Scalability is not a big concern for these applications but it is likely that they still need a highly available storage system underneath. In fact, most legacy applications, designed before the advent of cloud computing, rely on highly available and resilient infrastructures to provide the required level of service.
There are other use cases for file systems in the cloud, of course, but most of them are usually characterized by low performance requirements and large capacities, as in the case of archiving for example. For this type of use case, a NAS gateway with an object storage backend is usually more than enough and provides the best $/GB alongside great scalability. Most of the service providers have this option in their service catalog and some solutions also offer file/object parity, helping to simplify the migration path from legacy to modern applications.

The scope of this report is to give an overview of the market landscape and analyze the most important aspects of cloud-based file storage architectures available in the market, while giving indications to help the end user design a modern storage infrastructure that can be the foundation for a solid multi-cloud infrastructure strategy.
In this report we will analyze several aspects of next-gen file services including:

  • Differences between traditional and cloud file systems
  • Pros and cons of FS-as-a-Service or self-managed solutions
  • Important characteristics of cloud-based file storage
  • Applications and use cases
  • File system integration with object storage to lower the $/GB
  • Common functionalities, front-end interfaces, and data services
  • Data migrations and synchronization across clouds.

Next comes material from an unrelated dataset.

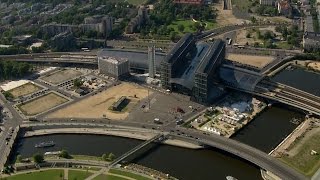 Berliner Hauptbahnhof aus luftiger Höhe [upl. by Warde]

Key findings (and considerations for adopting the solution):

  • File storage systems are a good compromise between cost and capacity for migrating legacy applications to the cloud. They allow users to avoid or postpone application refactoring while keeping costs under control.
  • Some cloud file systems are designed for high performance, allowing end users to get results faster than with traditional file systems or object storage for high-performance workloads in the cloud, while improving overall infrastructure efficiency and total cost of ownership (TCO).
  • Cloud file systems allow implementation of a two-tier storage strategy enabling the end user to take advantage of object storage and seamlessly move cold data to a cheaper repository, improve data protection and data mobility.